Я взял Мелиссу на руки и отнес наверх, в ее комнату. Мадлен и Майло вошли следом за мной. Мадлен включила свет, убавила яркость и отвернула одеяло на кровати. Она долго возилась, укрывая Мелиссу и подтыкая одеяло, потом придвинула к кровати стул и уселась. Полезла в карман халата, достала свое вязанье и положила на колени. Она сидела неподвижно, стараясь не толкнуть кровать.
Мелисса пошевелилась под одеялом, потом перевернулась на спину. Рот у нее был приоткрыт, дышала она медленно и размеренно.
Майло с минуту понаблюдал за тем, как поднимается и опускается стеганое одеяло, потом сказал:
— Мне пора двигаться. А у тебя какие планы?
Вспомнив о ночных страхах маленькой девчушки, я ответил:
— Останусь пока здесь.
Майло кивнул.
— Я тоже останусь, — сказала Мадлен. Она зацепила нить, сделала петлю вокруг крючка и принялась за работу.

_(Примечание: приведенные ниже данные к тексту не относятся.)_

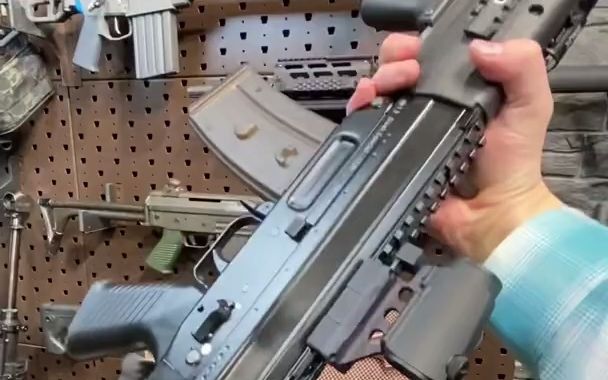 [图]SIG 553 “Commando”一分钟简单介绍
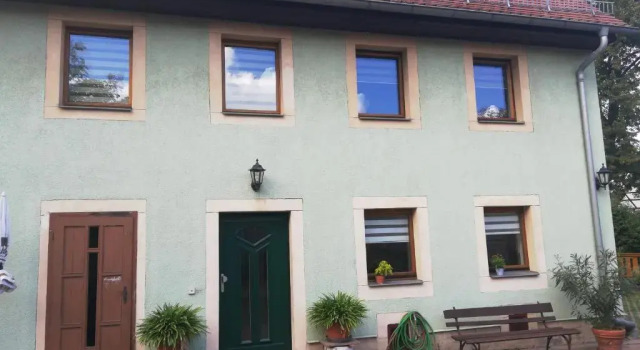 Коттедж Ferienhaus -Am alten Dorfplatz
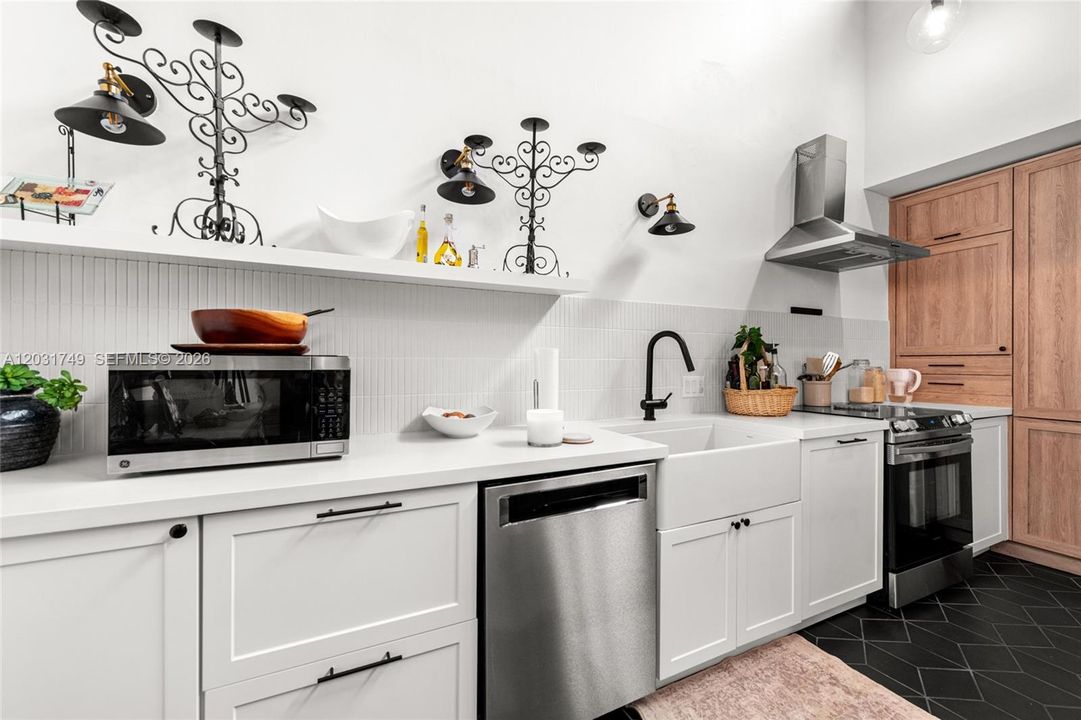 For Sale: $475,000 (2 beds, 2 baths, 915 Square Feet)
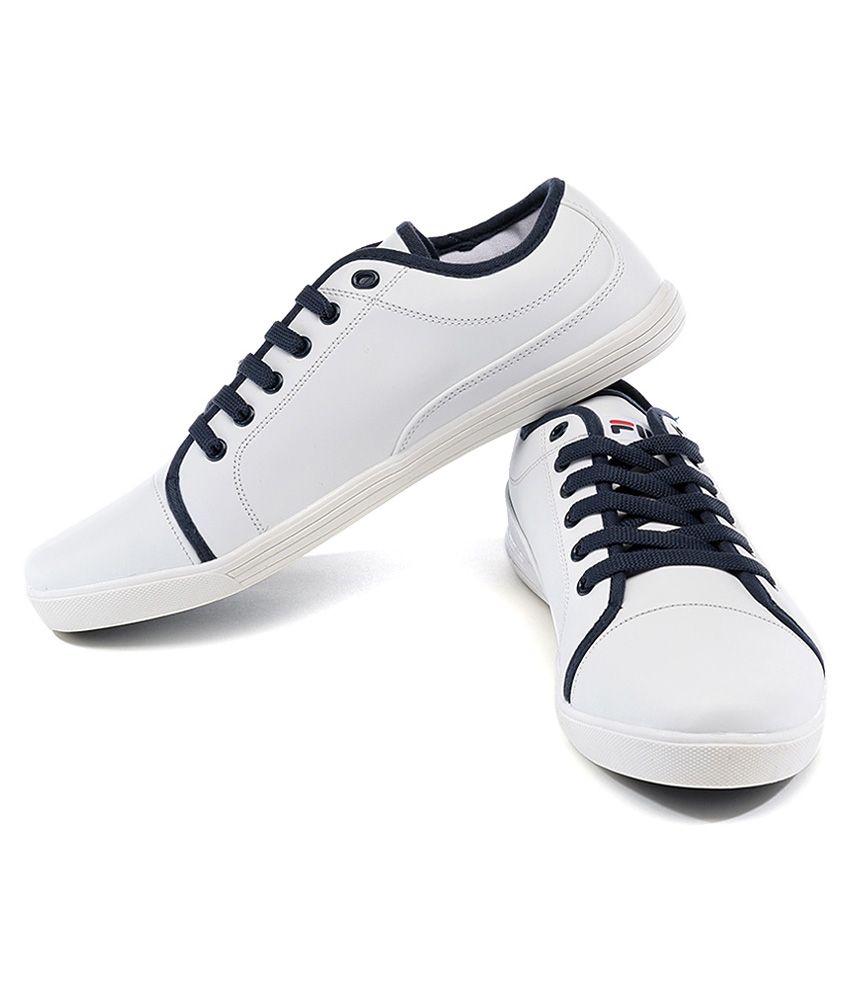 fila white shoes india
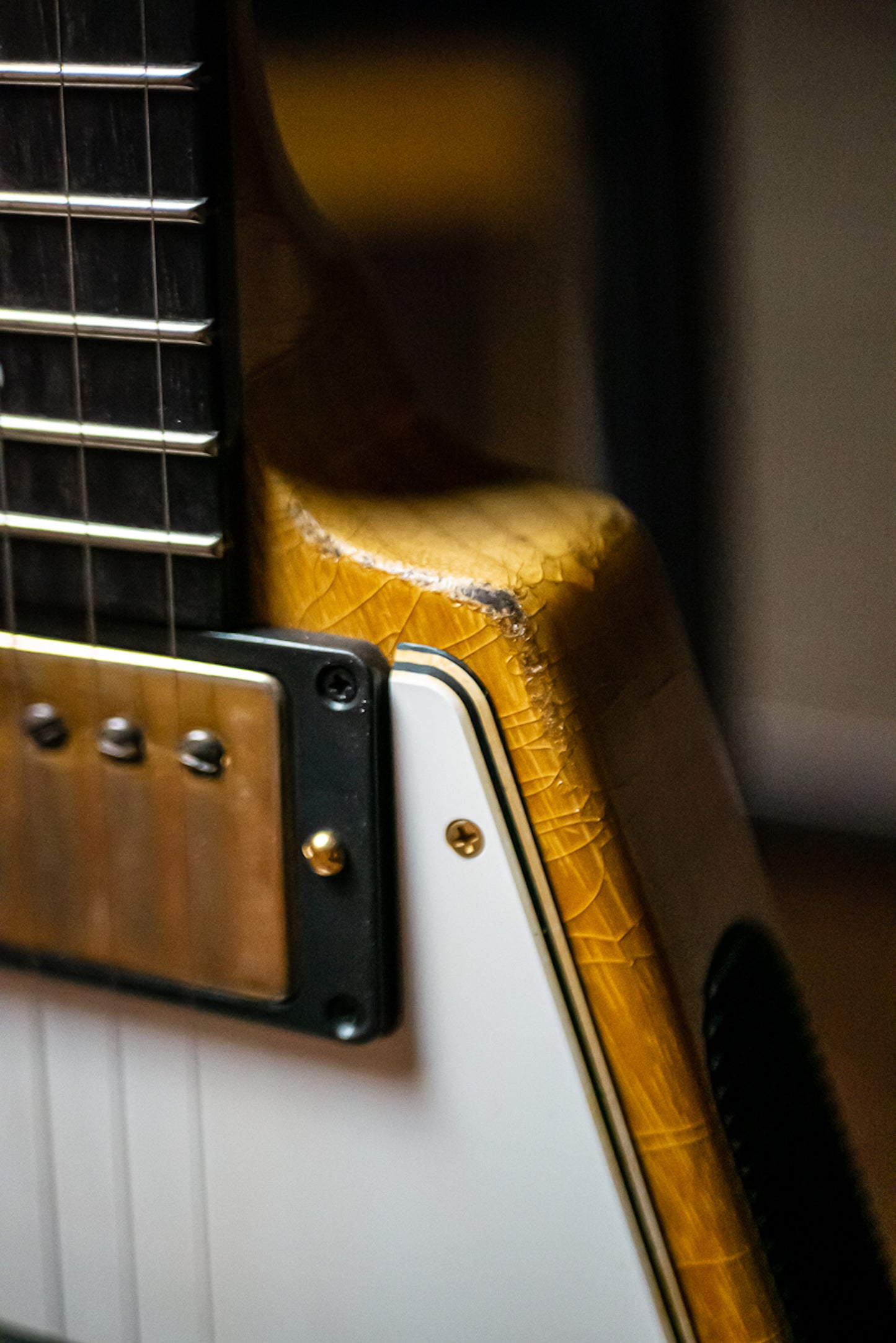 Gibson 58 Korina Flying V Brazilian Rosewood Fingerboard Murphy Lab Light Aged GH Electric Guitar - Natural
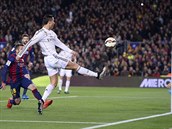 Cristiano Ronaldo z Realu Madrid stl na branku Barcelony.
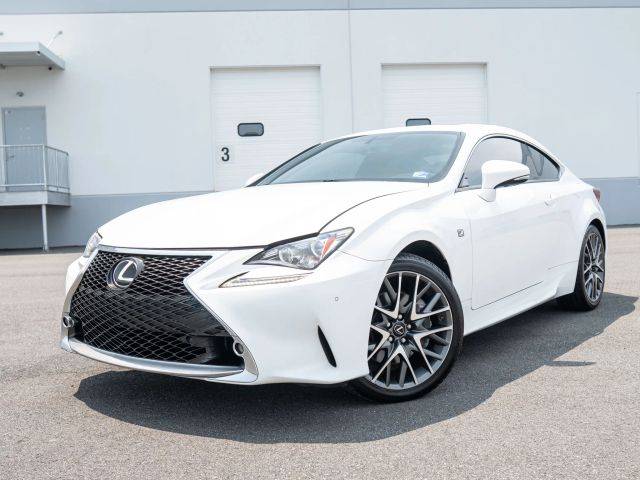 2015 Lexus RC AWD photo
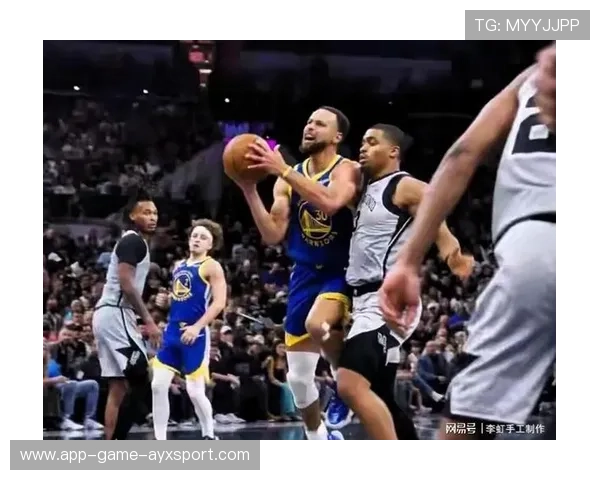 库里关键时刻连续得手,勇士稳稳拿下比赛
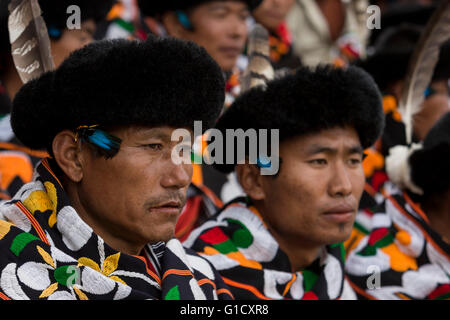 Portrait d'Zapami Kuzha membre de la société culturelle (Chakhesang) lors du Festival 2015, Calao Kisama Village Banque D'Images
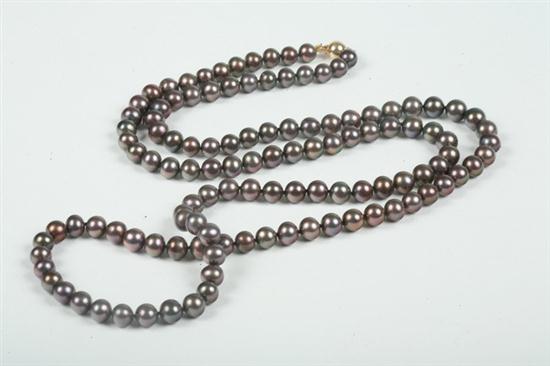 32 IN. MATCHED BLACK CULTURED PEARL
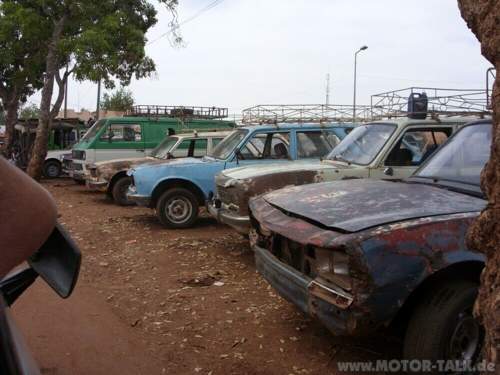Pijot-504break-taxistand-mopti-12-02-2010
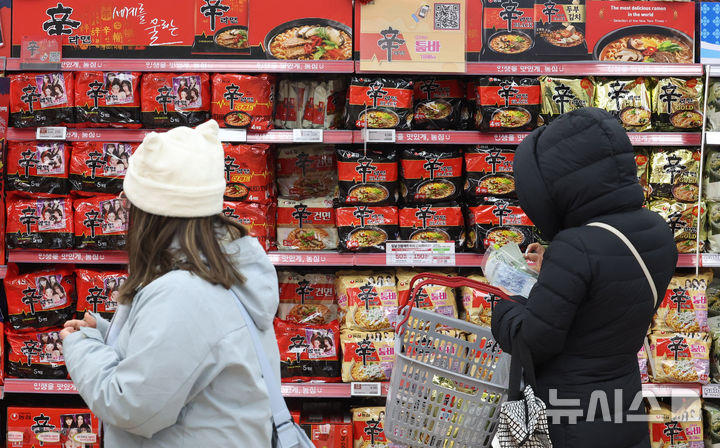 [서울=뉴시스] 추상철 기자 = 12일 오후 서울시내 한 대형마트에서 외국인 관광객이 라면을 고르고 있다. 2026.01.12. scchoo@newsis.com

— Хорошо, — одобрил я ее решение. — Я буду внизу. Позовите меня, если она проснется.
— Qui, месье.
Я сидел в одном из мягких кресел и думал о вещах, которые гнали от меня сон. Когда я последний раз смотрел на часы, было несколько минут второго ночи. Я заснул сидя и проснулся одеревеневший, с совершенно пересохшим ртом и покалыванием в затекших руках.
Ничего не соображая, я резко выпрямился. Покалывания переместились, словно в калейдоскопе.
Перед глазами световые пятна — синие, красные, изумрудно-зеленые, янтарно-желтые.
Солнечный свет, просеивающийся сквозь кружевные шторы и цветные стекла витражей.
Воскресенье.
Я почувствовал себя осквернителем святыни. Словно задремал в церкви во время богослужения.
Двадцать минут восьмого.
Абсолютная тишина в доме.
За ночь здесь установился какой-то затхлый запах. Или, может быть, он присутствовал все время.
Я протер глаза и попытался навести ясность в мыслях. Встал, превозмогая боль в затекших мышцах, разгладил одежду, провел рукой по щетине на лице и потянулся. Боль дала мне понять, что не собирается так легко со мной расстаться.
В гостевой ванной комнате, находившейся рядом с холлом, я плеснул водой в лицо, помассировал голову и отправился наверх.